Naydeen González-De Jesús is an American academic administrator who served as the thirteenth president of San Antonio College from 2023 to 2024.

== Life ==
González-De Jesús earned a bachelor's degree in journalism from Pennsylvania State University. She completed a master's degree in student personnel services at Rowan University. She received a doctorate in industrial and organizational psychology from Northcentral University.

González-De Jesús held administrator roles at Bergen Community College, Rowan College at Burlington County, and Salem Community College. During her time at Bergen Community College, González-De Jesús developed Project Graduation, an initiative that greatly enhanced student completion rates while creating economic mobility opportunities for graduates. Her efforts propelled the college to the top of the state for graduation rates. In 2014, González-De Jesús was selected to serve as board member of 1812ADA, Inc., an organization focused on removing barriers to success for individuals protected under the American with Disabilities Act. She was later a public diplomacy officer at the Embassy of the United States, Buenos Aires. While serving at the Embassy of the United States, Buenos Aires, she collaborated within the Public Affairs team, contributing to the signing of the Education Memorandum of Understanding with Argentina's Ministry of Education during the 2018 G20 Summit, in addition to supporting the Fulbright Commission in Argentina and strengthening U.S.-Argentina bilateral relations. In 2019 she received a certificate in ministerial studies from Global University and has served as guest speaker of the JTMR international radio podcast since then.

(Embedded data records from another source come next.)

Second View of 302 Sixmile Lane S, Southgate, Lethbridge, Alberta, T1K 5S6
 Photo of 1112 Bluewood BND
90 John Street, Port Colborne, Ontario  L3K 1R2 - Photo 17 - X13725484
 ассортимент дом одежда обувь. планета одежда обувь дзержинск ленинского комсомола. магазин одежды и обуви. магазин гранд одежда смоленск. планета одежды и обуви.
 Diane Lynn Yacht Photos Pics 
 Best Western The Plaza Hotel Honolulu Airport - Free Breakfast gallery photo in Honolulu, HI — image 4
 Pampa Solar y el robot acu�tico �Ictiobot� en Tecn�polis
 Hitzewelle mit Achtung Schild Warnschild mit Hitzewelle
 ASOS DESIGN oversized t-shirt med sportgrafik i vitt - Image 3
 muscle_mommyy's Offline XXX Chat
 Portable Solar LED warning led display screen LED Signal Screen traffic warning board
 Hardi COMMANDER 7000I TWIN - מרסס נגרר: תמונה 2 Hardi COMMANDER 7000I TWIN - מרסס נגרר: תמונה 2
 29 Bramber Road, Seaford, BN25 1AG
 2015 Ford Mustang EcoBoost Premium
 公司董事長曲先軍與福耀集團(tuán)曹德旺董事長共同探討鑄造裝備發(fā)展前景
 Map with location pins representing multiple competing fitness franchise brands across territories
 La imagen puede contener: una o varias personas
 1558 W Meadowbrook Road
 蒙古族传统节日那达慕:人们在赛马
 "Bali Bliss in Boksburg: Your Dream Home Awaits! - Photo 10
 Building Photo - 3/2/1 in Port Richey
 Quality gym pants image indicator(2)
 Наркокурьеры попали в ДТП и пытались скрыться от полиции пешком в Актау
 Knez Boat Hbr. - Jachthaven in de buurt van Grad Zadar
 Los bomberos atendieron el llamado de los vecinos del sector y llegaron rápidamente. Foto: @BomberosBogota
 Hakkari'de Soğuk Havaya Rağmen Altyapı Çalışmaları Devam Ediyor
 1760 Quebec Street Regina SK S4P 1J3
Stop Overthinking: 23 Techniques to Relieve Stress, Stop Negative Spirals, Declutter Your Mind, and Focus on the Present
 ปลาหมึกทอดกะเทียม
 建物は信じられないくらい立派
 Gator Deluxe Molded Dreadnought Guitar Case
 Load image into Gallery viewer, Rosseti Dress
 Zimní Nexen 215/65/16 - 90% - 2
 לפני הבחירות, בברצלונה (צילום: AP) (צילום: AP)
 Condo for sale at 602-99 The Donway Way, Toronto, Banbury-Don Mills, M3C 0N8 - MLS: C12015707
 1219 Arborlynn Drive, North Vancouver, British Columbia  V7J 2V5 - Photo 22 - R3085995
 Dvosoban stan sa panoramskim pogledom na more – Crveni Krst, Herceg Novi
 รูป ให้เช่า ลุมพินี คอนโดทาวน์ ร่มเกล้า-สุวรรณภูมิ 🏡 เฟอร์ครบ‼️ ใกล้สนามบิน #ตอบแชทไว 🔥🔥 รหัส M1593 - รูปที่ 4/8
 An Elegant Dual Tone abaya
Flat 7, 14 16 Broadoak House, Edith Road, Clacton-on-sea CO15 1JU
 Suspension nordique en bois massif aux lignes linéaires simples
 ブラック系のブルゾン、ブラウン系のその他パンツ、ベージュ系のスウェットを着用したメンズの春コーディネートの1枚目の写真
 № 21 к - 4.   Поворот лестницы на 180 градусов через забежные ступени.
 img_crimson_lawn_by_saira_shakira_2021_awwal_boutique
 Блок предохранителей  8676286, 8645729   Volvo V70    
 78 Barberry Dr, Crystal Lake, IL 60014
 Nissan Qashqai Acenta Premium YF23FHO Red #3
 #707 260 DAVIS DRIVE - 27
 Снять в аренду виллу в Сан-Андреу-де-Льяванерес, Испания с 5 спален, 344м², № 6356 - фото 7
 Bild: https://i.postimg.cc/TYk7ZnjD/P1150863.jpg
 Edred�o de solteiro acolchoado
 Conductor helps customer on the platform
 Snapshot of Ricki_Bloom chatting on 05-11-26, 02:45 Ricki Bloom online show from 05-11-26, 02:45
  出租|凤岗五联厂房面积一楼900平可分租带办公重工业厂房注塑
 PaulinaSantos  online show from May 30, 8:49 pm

In 2020, González-De Jesús was appointed as the executive vice president of student success at Milwaukee Area Technical College. While at Milwaukee Area Technical College, in partnership with the University of Wisconsin-Milwaukee, she collaborated with the Equity Transfer Initiative to align transfer pathways and increase completion rates with a focus on adults and first-generation learners. By teaming up with Milwaukee's mayor and M-Cubed partners from Milwaukee Public Schools (MPS) and the University of Wisconsin-Milwaukee (UWM), González-De Jesús collaborated in the launch of Free Application for Federal Student Aid completion efforts, which increased FAFSA completion rates for MPS seniors at a rate higher than the Wisconsin state average. In 2022, González-De Jesús served as board member of the Latino Chamber of Commerce of Southeastern Wisconsin, Inc. On January 9, 2023, she became the thirteenth president of San Antonio College, becoming the second female to serve in the position.

While at San Antonio College, González-De Jesús established Front and Center, a weekly morning show on KSYM 90.1 FM, which explored trends in higher education, San Antonio College news, and the student college experience. In March 2024, González-De Jesús was honored as the 2024 San Antonio Woman of the Year by the Texas Diversity Council, recognizing her outstanding achievements and unwavering commitment to student success and community empowerment. Later that month, following discussions around the Gaza war, González-De Jesús transitioned from her role as president to a presidential project executive position with the Alamo Colleges District. This new role allows her to focus on strategic initiatives and projects that enhance the district's mission. In August 2024, González-De Jesús was recognized by Marquis Who's Who.